O sonho comanda o filme

"A Espada e a Rosa", então. A Espada é o símbolo do Plutex, uma substância primordial capaz de tudo e mais alguma coisa. A Rosa é um pirata reformado e misantropo com mau feitio que se desmultiplica em Michael Biberstein, Luís Miguel Cintra e José Mário Branco.

Há também o Manuel (o músico e cúmplice Manuel Mesquita, que já participava na primeira curta de Nicolau, "Rapace"): vive de biscates, evita o fiscal, tem um gato chamado Maradona (que rouba o filme sempre que entra) e abandona tudo para ir para alto mar com os piratas da caravela. Há canções, aventuras, piadas privadas, raptos, empregadas brasileiras, francesas petulantes, traições, cinema mudo, engenhocas e alemães com helicópteros.
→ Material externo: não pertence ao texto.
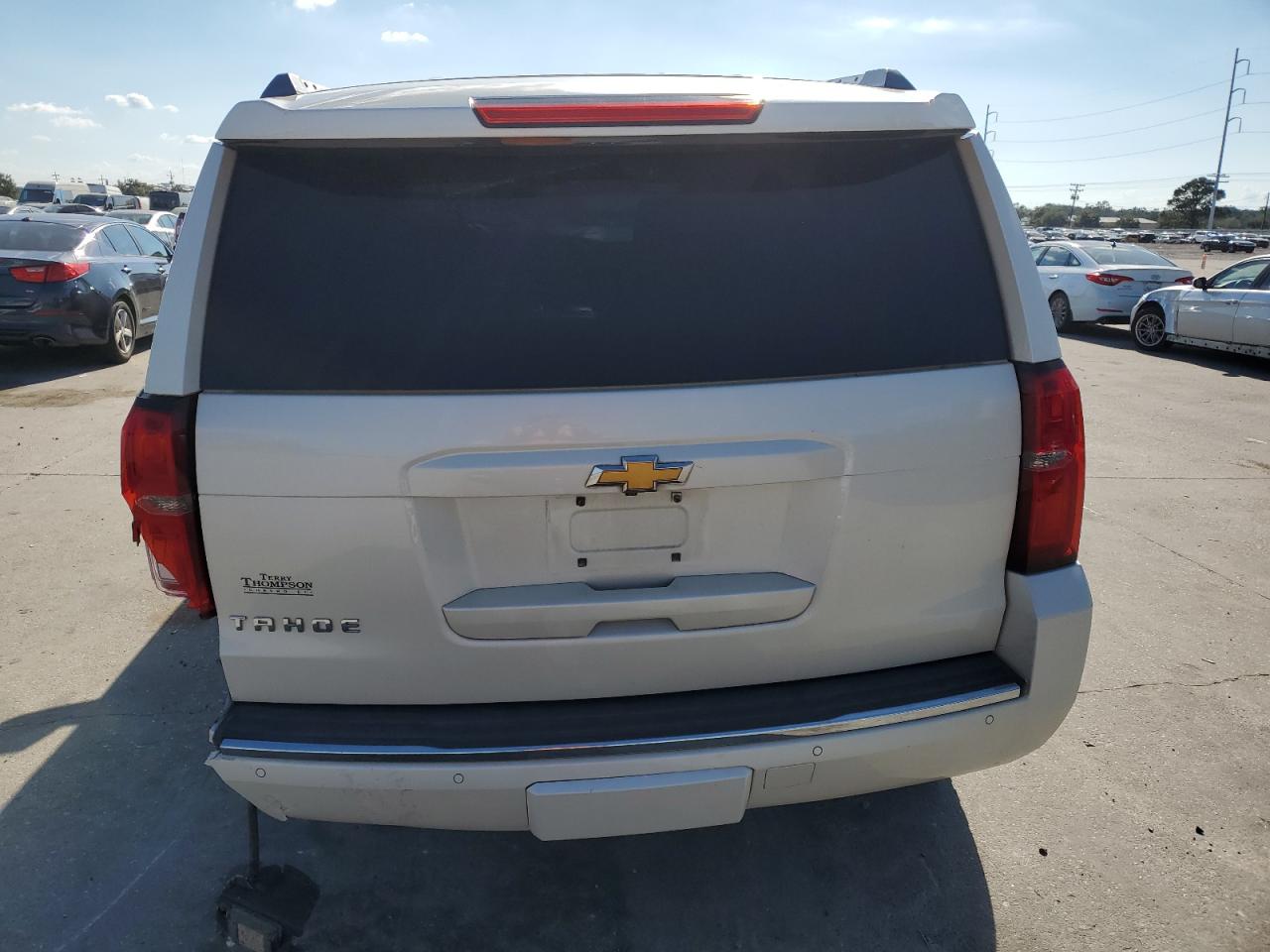 2015 Chevrolet Tahoe - Image 6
Nas palavras de um dos três Rosas no final do filme, "sonho, amor, arte, ciência, literatura, música, tecnologia, café e rum".

"Holy Santa Maria fuck!", diz alguém a certa altura, e dizemos nós.

O que é isto, João Nicolau?

"É um filme de utopias, que trabalha e relativiza essa ideia, e é um filme de aventuras que passam muito pela sociedade que se propõe."

Ou ainda: " É um filme de fim de Verão, porque essa ideia do fim do Verão ser o fim do mundo, como diz a certa altura uma personagem, resume um pouco o espírito do filme."

Ou também: "É um pouco sobre a tensão entre acomodarmo-nos ou não, entre compreender que existe um individualismo irremediável mesmo quando gostamos de estar em sociedade."

Ou, mais pragmaticamente: "Construí-o, quase entre aspas, como um épico - o argumento era muito maior, a rodagem também (a primeira versão tinha três horas) e mais não pôde ser porque um filme vive também dos constrangimentos práticos que o afectam."

Para quem vê, é um filme cinéfilo (cita os filmes de piratas, os filmes musicais, a ficção científica clássica). "Talvez porque sou um bocadinho mais inocente e ainda acredito numa coisa mais clássica", explica João Nicolau. Mas entre uma olhadela ao jogo do Chelsea no televisor do café e mais um cigarro, João Nicolau avança que isso é mais "questão de gosto propriamente do que de frequência": "Não sou cinéfilo, nunca fiz a escola de cinema, nunca sonhei fazer filmes - estudei Antropologia, fiz o mestrado em Antropologia Visual, convidaram-me a trabalhar em montagem, um dia arrisquei fazer uma curta e agora cheguei a fazer uma longa. Não passei muitas horas da minha juventude a ver filmes e a discuti-los. Há imensos filmes do Howard Hawks que não vi, só há relativamente pouco tempo é que descobri musicais de um dos meus realizadores preferidos, o Vincente Minnelli, como a ‘Gigi' ou ‘0 Pirata dos Meus Sonhos'. Como qualquer pessoa da minha geração, devo ter crescido a ficar fascinado com as coisas do David Lynch e do João César Monteiro, quando há um filme do Otar Iosseliani ou do Aki Kaurismaki gosto de ver, mas isso é mais uma questão de serem os filmes que gosto de ver."

Se "A Espada e a Rosa" é um filme que outras pessoas vão gostar de ver, logo se verá - a passagem na secção Orizzonti é na próxima quarta, dia 8, em sessão aberta ao público; a estreia em sala por cá só muito mais lá para a frente.

João Nicolau já está descansado com uma coisa, no entanto: o seu não é o filme mais longo de Veneza 2010: "À mesma hora passa o filme do Abdellatif Kechiche na competição, que ainda é maior que o meu. Tem 2h40."